24 years ago today, September 29, 1998, Felicity premiered. It is an American drama television series created by J. J. Abrams and Matt Reeves and produced by Touchstone Television and Imagine Television for The WB. Brian Grazer and Ron Howard were executive producers through Imagine Entertainment.
The series revolves around the college experiences of the title character, Felicity Porter (portrayed by Keri Russell), as she attends the "University of New York" (based on New York University), which lies across the country from her home in Palo Alto, California.
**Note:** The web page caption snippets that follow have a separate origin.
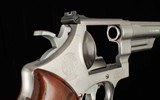 Smith & Wesson Model 629-1 .44 Magnum – 1983, STAINLESS STEEL, vintage firearms - 17 of 18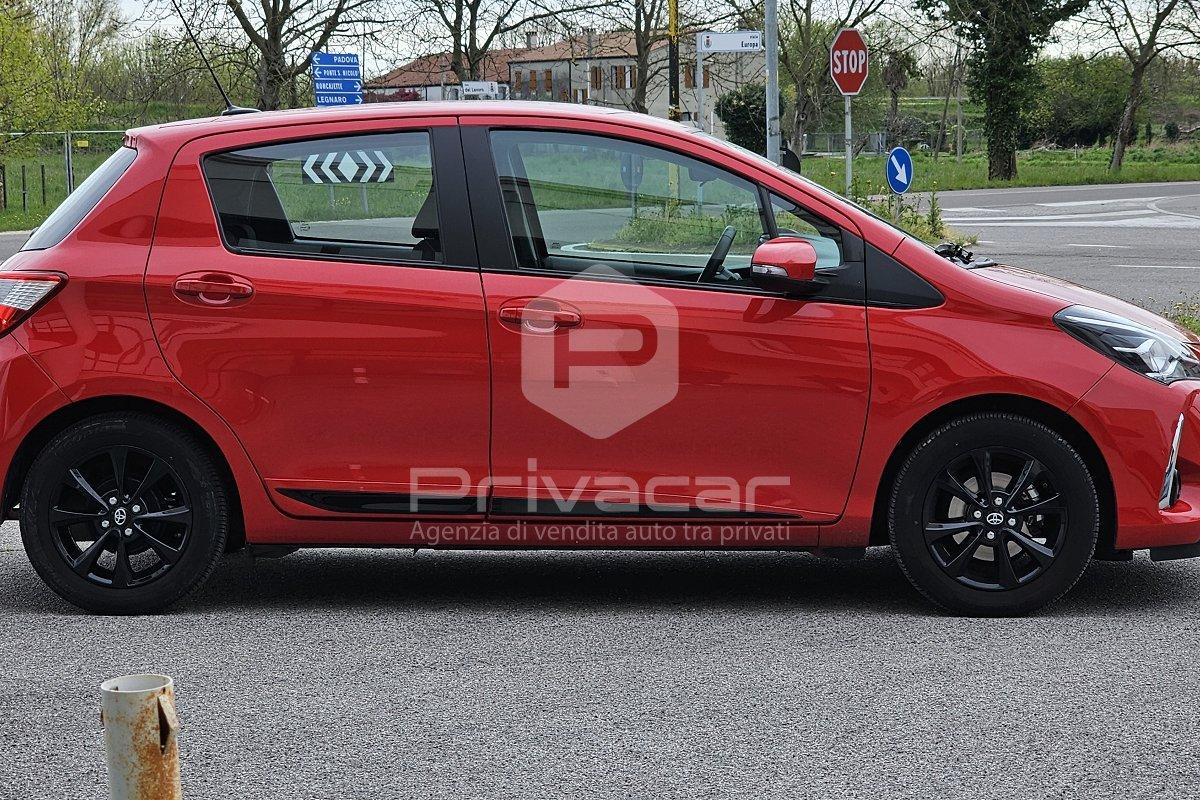 TOYOTA Yaris 1.0 72 CV 5 porte Active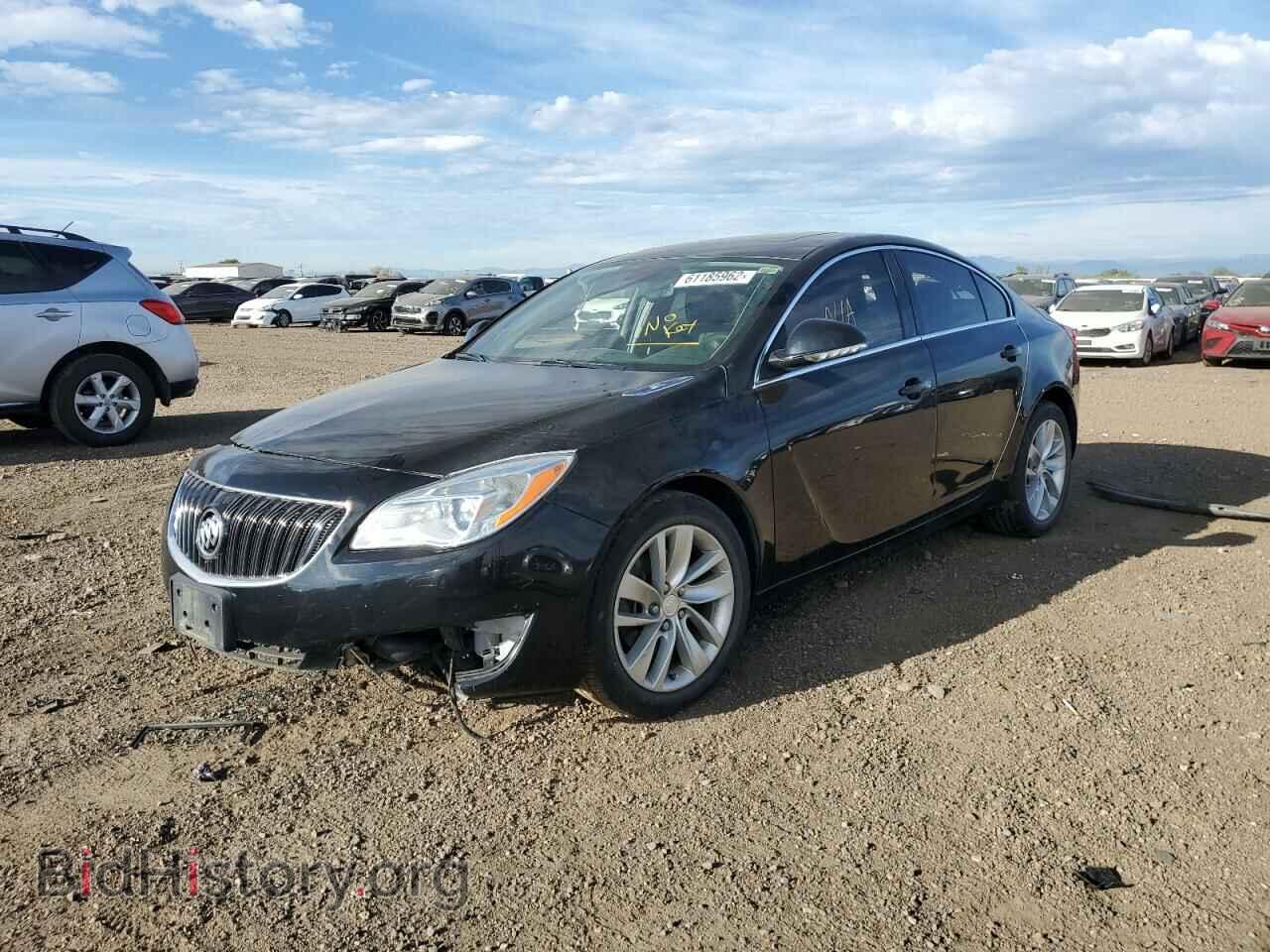 2015 BUICK REGAL - VIN: 2G4GN5EXXF9116271 - Фото 2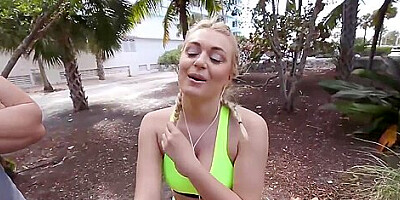 Amazing Blonde Chick Enjoying Jmacs Big Dick With Natalia Starr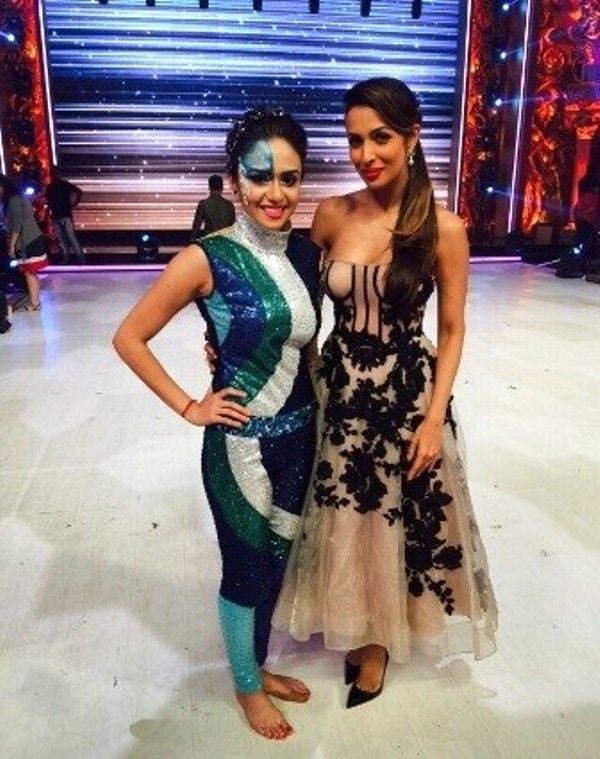 Amruta Khanvilkar in Jhalak Dikhhla Jaa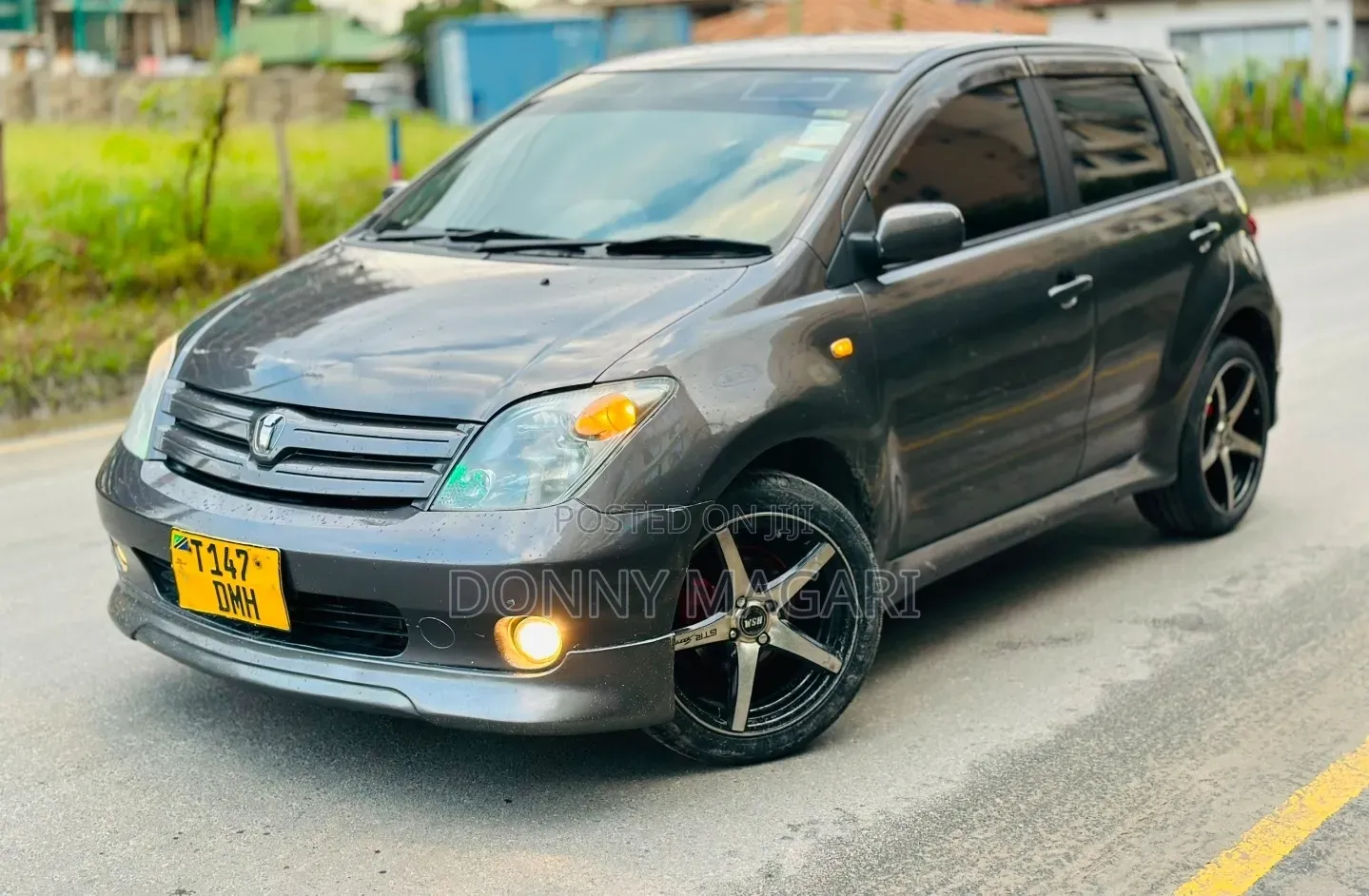 Toyota IST 2005 Gray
The show ran for four seasons from September 29, 1998, to May 22, 2002, with each season corresponding to the traditional American university divisions of freshman, sophomore, junior, and senior years.
In 2007, Felicity was one of Time magazine's "All-Time 100 Best TV Shows." AOL TV named Felicity one of the "Best School Shows of All Time." In June 2010, Entertainment Weekly named Felicity Porter one of the "100 Greatest Characters of the Last 20 Years".
Felicity was filmed in part in New York City, and is set at the fictional University of New York (UNY), based on New York University (NYU). Like NYU, UNY is located in Greenwich Village near Washington Square Park, and the school is an important part of the show. Although like other universities, NYU normally welcomes being mentioned in film or on television as free product placement, the university refused permission for the show to use its name, stating that "the negatives kind of outweighed the positives."
In 1999, a publicly hyped young writer for the show, Riley Weston, was disclosed as a fraud for claiming to be much younger than she truly was. At the age of 32, she began marketing herself to television studios as a recent high school graduate, passing off her husband as her older brother. She was soon hired by The WB as a writer for Felicity. Hailed as a child prodigy and "wunderkind", she was featured on Entertainment Weekly's October 1998 list of the "100 Most Creative People in Entertainment", which described her as an up-and-coming 19-year-old. Shortly thereafter, she was offered a six-figure screenwriting deal with Disney. Her real identity and age were exposed after a Felicity producer checked her social security number. Soon afterward, her contract with WB expired and was not renewed, and her deal with Disney fell through.
In the summer of 1999, after filming the first season, Felicity star Russell—known for what The New York Times described as "[t]hat glorious head of voluminous golden backlit hair"—sent the show's producers a photo wearing a short-haired wig. They panicked before learning that it was a joke but then suggested to the actress that a new hairstyle would be appropriate. After being shifted from Tuesday nights at 9:00 pm Eastern to Sunday nights at 8:00 pm Eastern (WB's weakest night) for the 1999–2000 season, the ratings for Felicity declined immediately. This decline occurred before the hair-style change, but the later hair-style change became conflated by some of the public and by some of the popular press and network executives with this earlier event and thus incorrectly blamed the earlier ratings drop partly on the later new hairstyle. After the negative reaction Russell rejected wearing extensions or a wig while her hair grew back. Although storytelling and time-slot changes had already created a ratings decline, a network executive said WB actors' future hair changes would "be given more thought at the network than it previously would have". In 2010, TV Guide Network listed the hairstyle change at No. 19 on their list of "25 Biggest TV Blunders," with several commentators arguing that it was the reason that the ratings of the show dropped. The haircut incident went on to become a popular culture reference within other television shows, both comedic and dramatic. Despite the controversy, Felicity survived for two more seasons.